The story is mostly told from the crabs point of view. Because Square Crabs have such delimited lives, they don’t have names (no need, if you might never meet another crab). There are no mating rituals because it’s so unlikely two crabs will ever cross paths. There is no avoiding dangers in one’s path, because there is no deviation from the path.
Our main crab protagonist has his life changed when another Square Crab, pointing a different direction, rises up out of the sand beneath him and carries him along to a different part of the beach. They decide to name each other—primary crab becomes Sunny and his inadvertent ride becomes Boater. Sunny realizes that if they work in tandem, taking turns carrying each other, they can go in any direction they want. Suddenly, life has opportunities!
There are small interludes on land where we see Raymond and Dominique, a pair of documentary filmmakers interested in capturing the Square Crab. Despite losing their funding, they have traveled to the coast to make their film in an attempt to uncover the mystery of why Square Crabs only travel in straight lines. Is it possible that Square Crabs move in straight lines because none have ever tried to move differently?

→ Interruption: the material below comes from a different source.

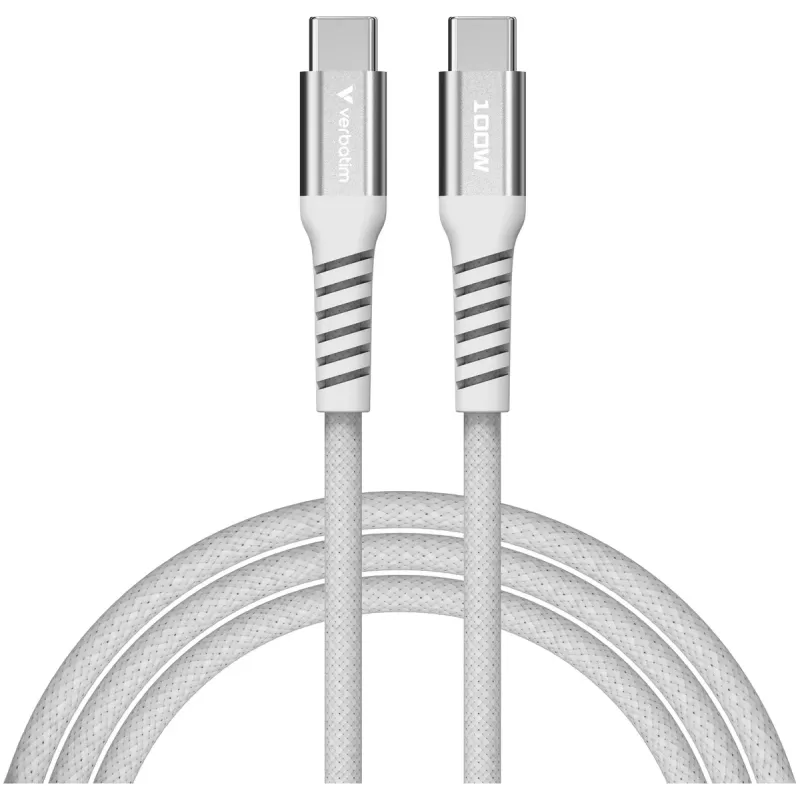 Кабель Verbatim Sync & Charge Magnetic Cable USB-C to USB-C 100W 1.2m gray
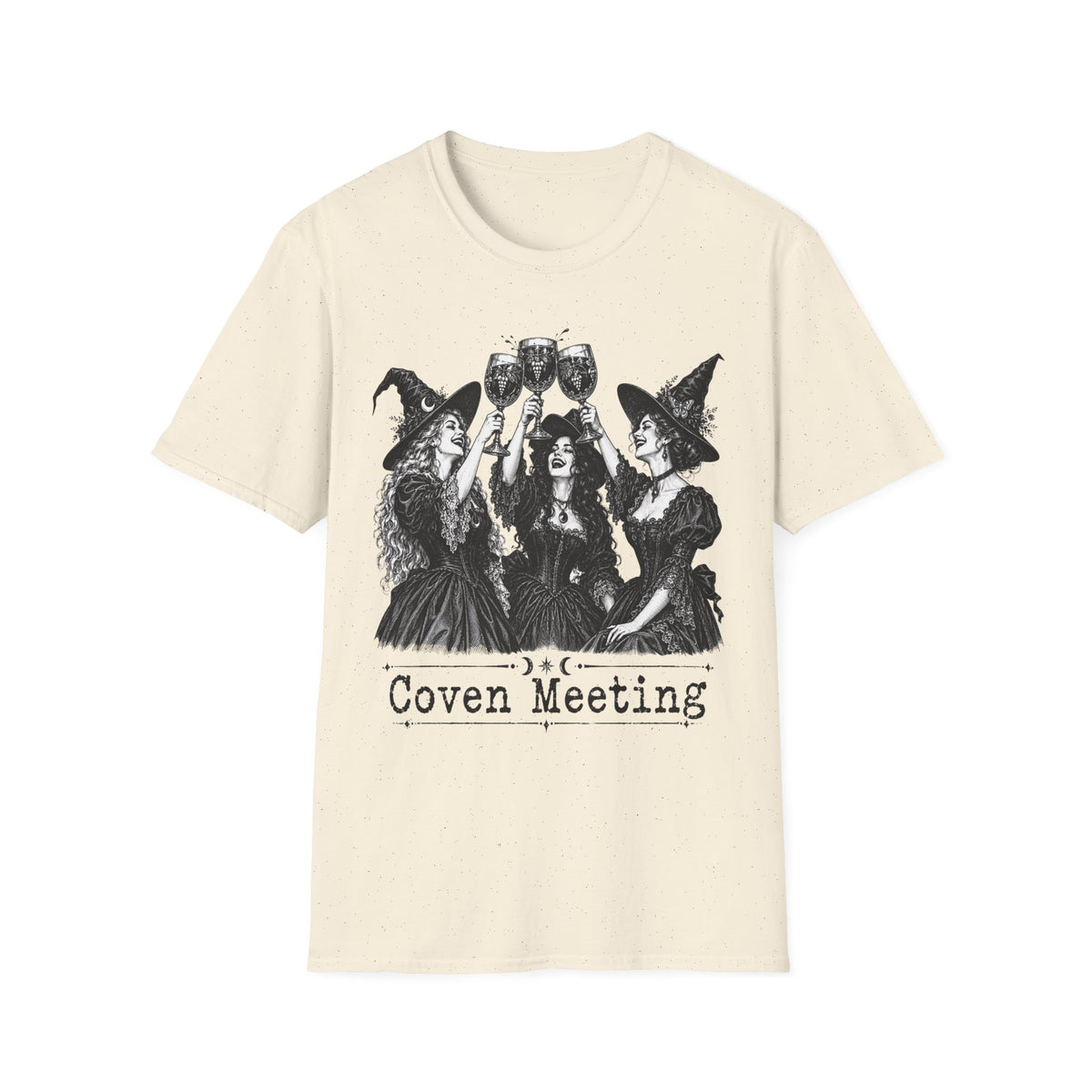 Coven Meeting Witch Wine T-Shirt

The art is lovely. Mostly watercolor, the drawings feel fresh and beach-y. De Pins does an especially good job with the shadows, making them strong enough to give the feel of a beach in full sun, without making the shadowed areas so dark you can’t see the image within it. The crabs’ personalities are front and center in this work—DePins making as expressive a crab face as I have ever seen. March of the Crabs is a fun addition to any collection.